$$\lim_{x\to-\infty} \frac{\ln(e^x+1)}{x}$$
due to Squeeze theorem and $\lim_{x\to0}\frac{\ln(1+x)}{x}=1$ we have
$$1\leftarrow\frac{\ln(e^x+1)}{e^x}\leq \frac{\ln(e^x+1)}{x}$$
what can be the upper bound of this function, or is there better solution?
Consider that $$ \lim\limits_{x \to -\infty}\ln(e^x+1) = \ln\left(\lim\limits_{x \to -\infty} e^x + 1\right)= \ln(1) = 0$$ and $$ \lim\limits_{x \to -\infty}\frac{1}{x}= 0$$ So your limit is $0$.

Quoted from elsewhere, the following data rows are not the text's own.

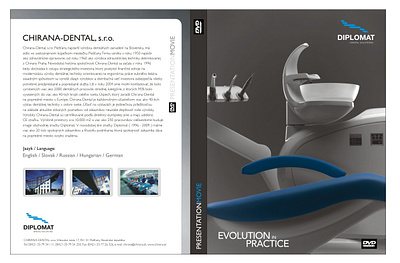 Diplomat Dental, DVD cover package cover dental dental unit diplomat dvd medical product packaging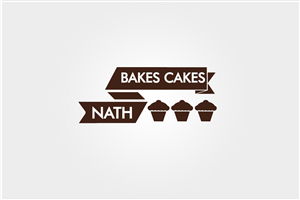 Logo Design by 24-7 DESIGN for Nath Bakes Cakes | Design: #3522309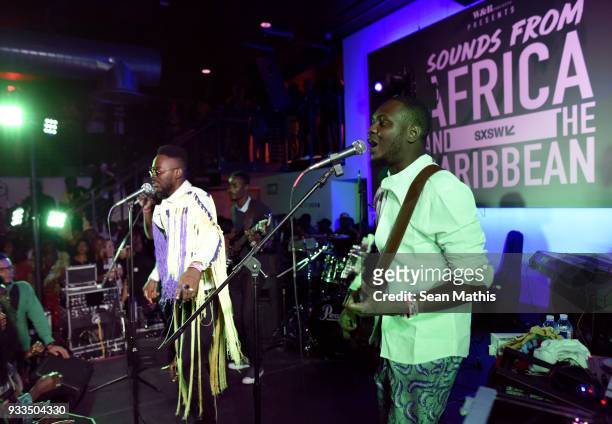 Adekunle performs onstage at Sounds from Africa during SXSW at 800 Congress on March 17, 2018 in Austin, Texas.
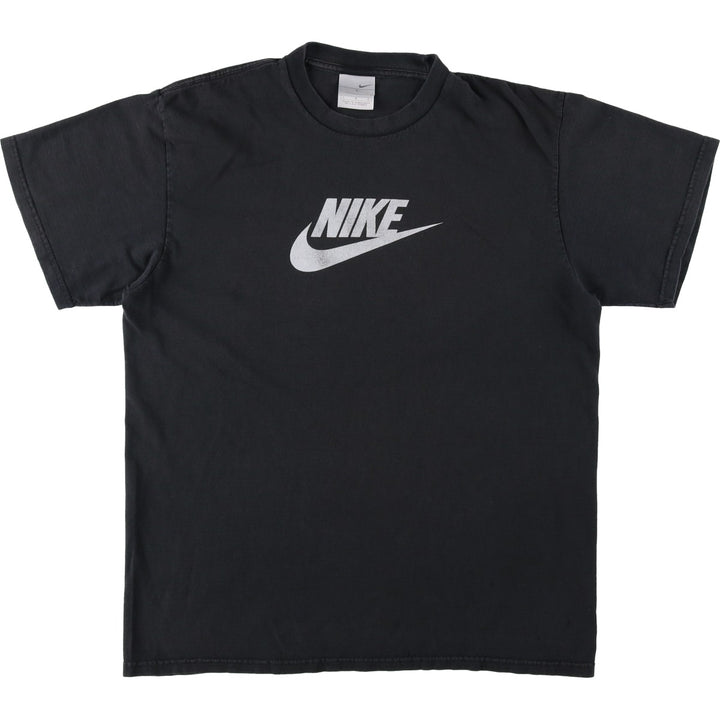 2000'S Nike Center Logo Print T-Shirt, Men's Size L (approx.) cotton black type Vintage Second Hand
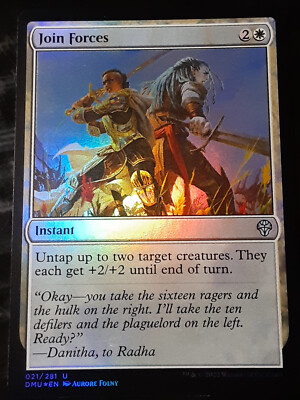 mtg join forces cards Winota Joiner of Full Altered Art Magic Cedh Commander Boros Legend Gift Overwhelming Forces (Textured Foil) -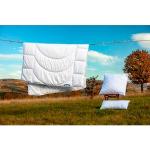 Reduzierte Weiße Dunlopillo Microfaser-Bettdecken aus Textil 155x220 
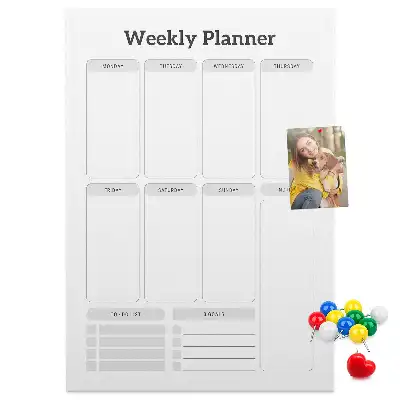Korktafel Wochenplan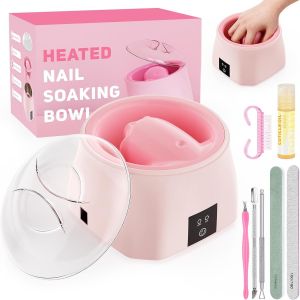 Bol À Trempage De Vernis À Ongles Électrique: 36w Chauffage Rapide Dissolvant De Acetone Uv Vernis Semi Permanent - Gel Ongle Cuticle Remover Machine Pour Manucure - Neuf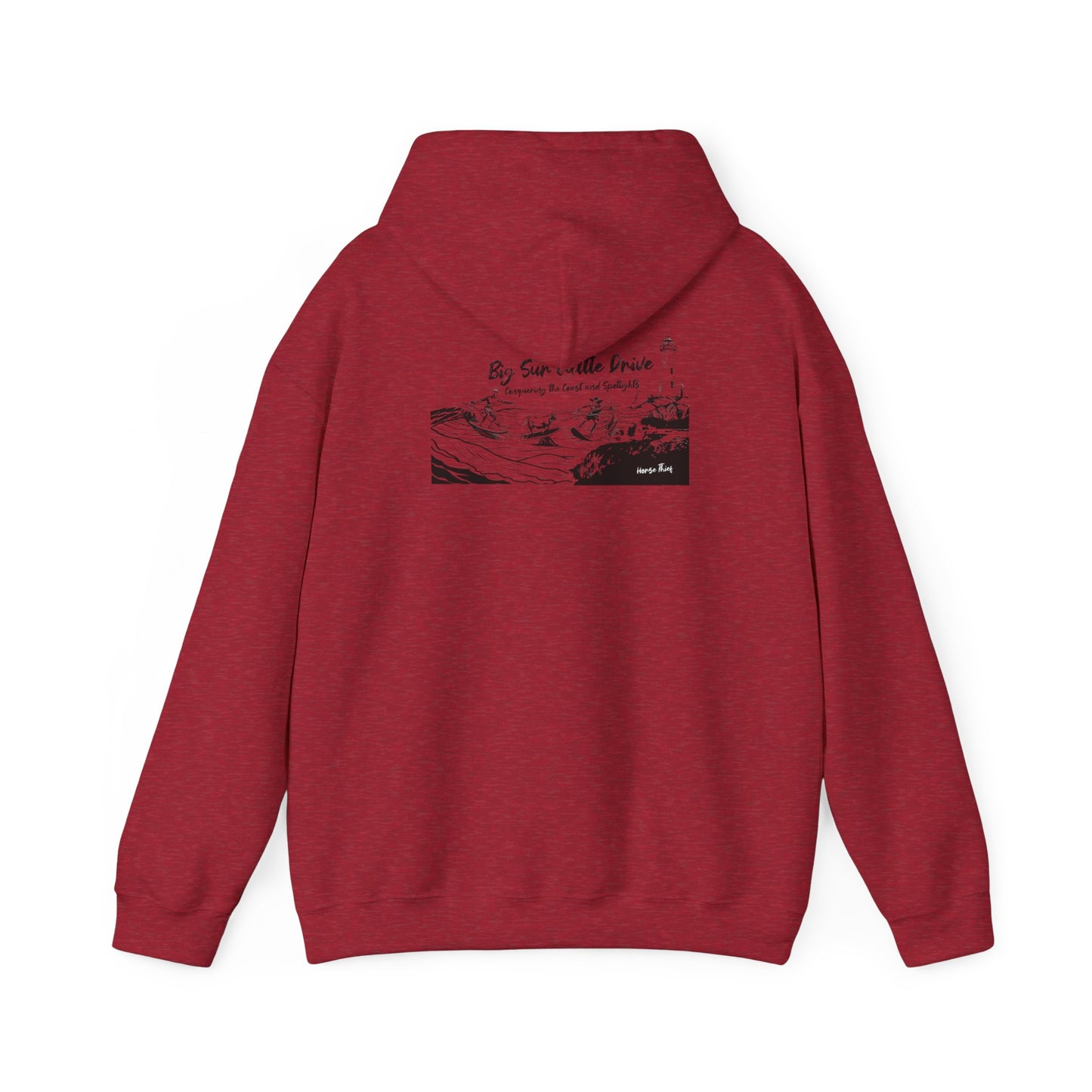 Big Sur Cattle Drive: Conquering the Coast and Spotlights Hoodie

$$ \ln(e^x+1)=x+\ln(1+e^{-x}). $$
You don't even need the Squeeze Theorem here. As $x\to-\infty$, $e^x\to0$, so the numerator in the limit turns into $\ln(0+1)=0$. Therefore, $$\lim_{x\to-\infty} \frac{\ln(e^x+1)}{x}=\frac{0}{-\infty}=0.$$
Let $x\to -\infty$. Since $\ln(e^x+1)\to\ln 1=0$ and $\frac{1}{x}\to 0$, the limit in question equals to zero.